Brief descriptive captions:
◆ ◆ ◆ ◆ ◆

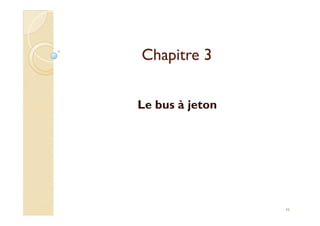 ChapitreChapitre 33
Le bus à jeton
46
 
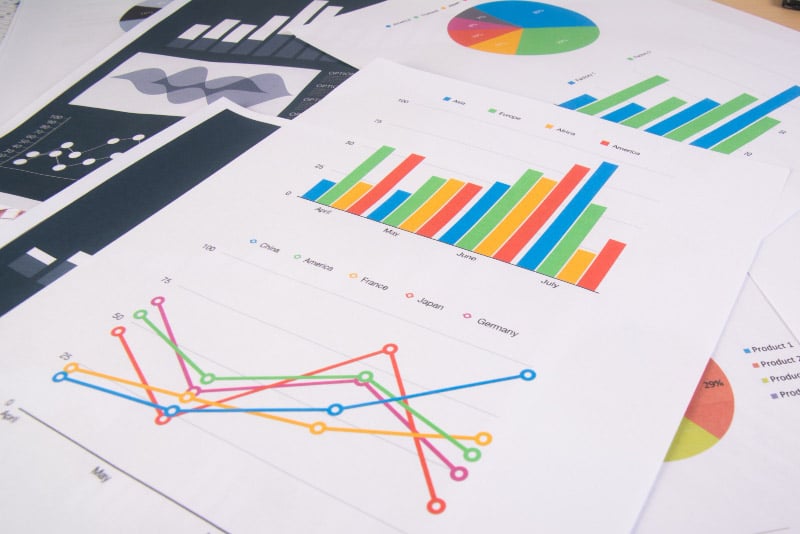 gráficos para auditoria SEO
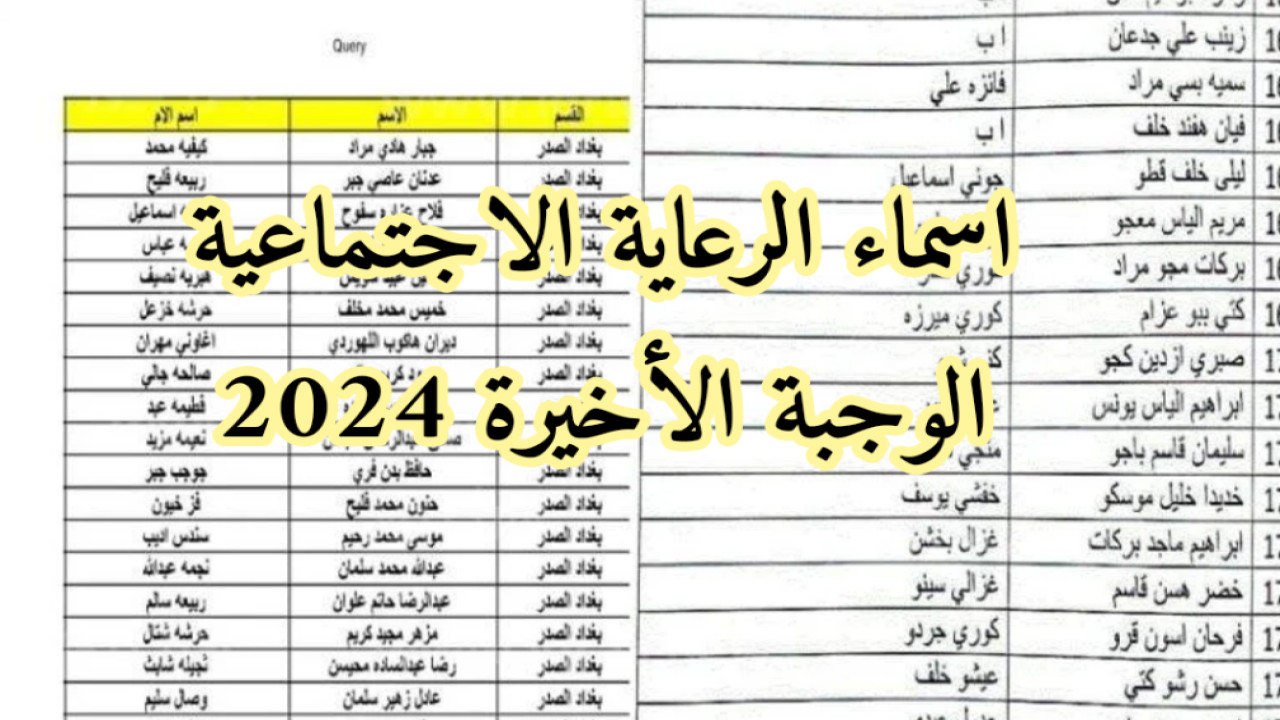 استعلم الآن.. أسماء المشمولين بالرعاية الاجتماعية الوجبة الأخيرة 2024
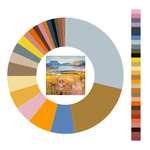 Colour wheel / palette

◆ ◆ ◆ ◆ ◆

WHAT YOU NEED TO DO: What's needed is every line above, retyped exactly and free of pictures.

EXERCISE SOLUTION:
 ChapitreChapitre 33
Le bus à jeton
46
 
 gráficos para auditoria SEO
 استعلم الآن.. أسماء المشمولين بالرعاية الاجتماعية الوجبة الأخيرة 2024
 Colour wheel / palette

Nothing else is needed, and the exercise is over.